If you mean "touches the surface at an angle" then please ask it that way. To most people, "crossing the surface" would mean that you are on one side and then the other, for example like the way the function $y = x^3$ is on one side of $y=0$ and then the other.

It occurs to me that we never established the point in the exposition of multivariable calculus that you have reached, how you got there, and what context you're in. You'll get a different level of rigor from different books, from applied math versus pure math, from physics vs. applied math, and so forth. So perhaps they skipped the part where they defined what a derivative actually is.

Even for one dimension, the intuition of the epsilon-delta proof may be a little hard to come by. For continuity, we have a rectangular box centered on (x_0, f(x_0)) of width 2*delta and height 2*epsilon, and as we squeeze the height of the box down to zero we're able to simultaneously manipulate the width of the box so that no part of the function "pokes out" through the top or bottom of the box.

But for a derivative, it's not just the value of the function we're concerned with, it's the slopes of the secant lines from (x_0,f(x_0)) to all the nearby points on the curve. The epsilon in the proof is a restriction on how different the secant slope can be from the tangent slope. We're able to make this difference as small as we want by adjusting delta, which in this case limits how far left or right on the curve we allow the secant to hit.

For a function like f(x)=x^2, no secant line has the same slope as the tangent line. Every secant intersects the tangent at an angle. But by reducing delta and forcing the secants to come from more nearby points, you can reduce that angle. We conclude that when the curve of the function finally touches the tangent line, it must do so at zero angle since there's no other angle it can come from.

For two variables it's somewhat similar, except now delta doesn't control the distance between two vertical lines on either side of x_0; instead it controls the radius of a cylinder around the point (x_0,y_0) with axis perpendicular to the x,y plane. And if we look at the part of the function within that cylinder, we have a plane which we're trying to prove is the tangent plane, containing lines through (x_0,y_0,f(x_0,y_0)) that we're trying to prove are tangent lines.

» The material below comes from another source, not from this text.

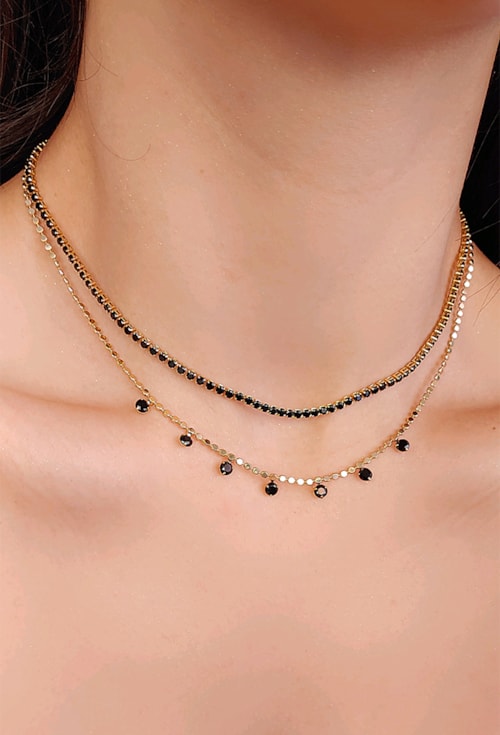 CHOKER MINI MEDALHAS COM CRISTAIS ÔNIX CH231-O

Also within the cylinder we have a part of the graph of the function, and we're interested in the secant lines between (x_0,y_0,f(x_0,y_0)) and all other points of the function in that region. Now epsilon is a restriction on the difference of the slope of the secant line from the slope of the would-be tangent line directly above or below it. And by adjusting delta we can make that difference less than epsilon for every point in the region.

Or rather, we have to prove we can do that for whichever function we're looking at. And then we know the function is differentiable.

When I said we don't have to do epsilon-delta all the time in single-variable calculus, I meant that if we are doing a rigorous course we DO have to do some epsilon-delta proofs at the beginning. But then we do a proof that the product of two differentiable functions is differentiable, and suddenly we don't have to do a separate epsilon-delta proof for x^2 and x^3 and x^4; we just prove that f(x)=x is differentiable and then multiply the function by itself and apply the product rule.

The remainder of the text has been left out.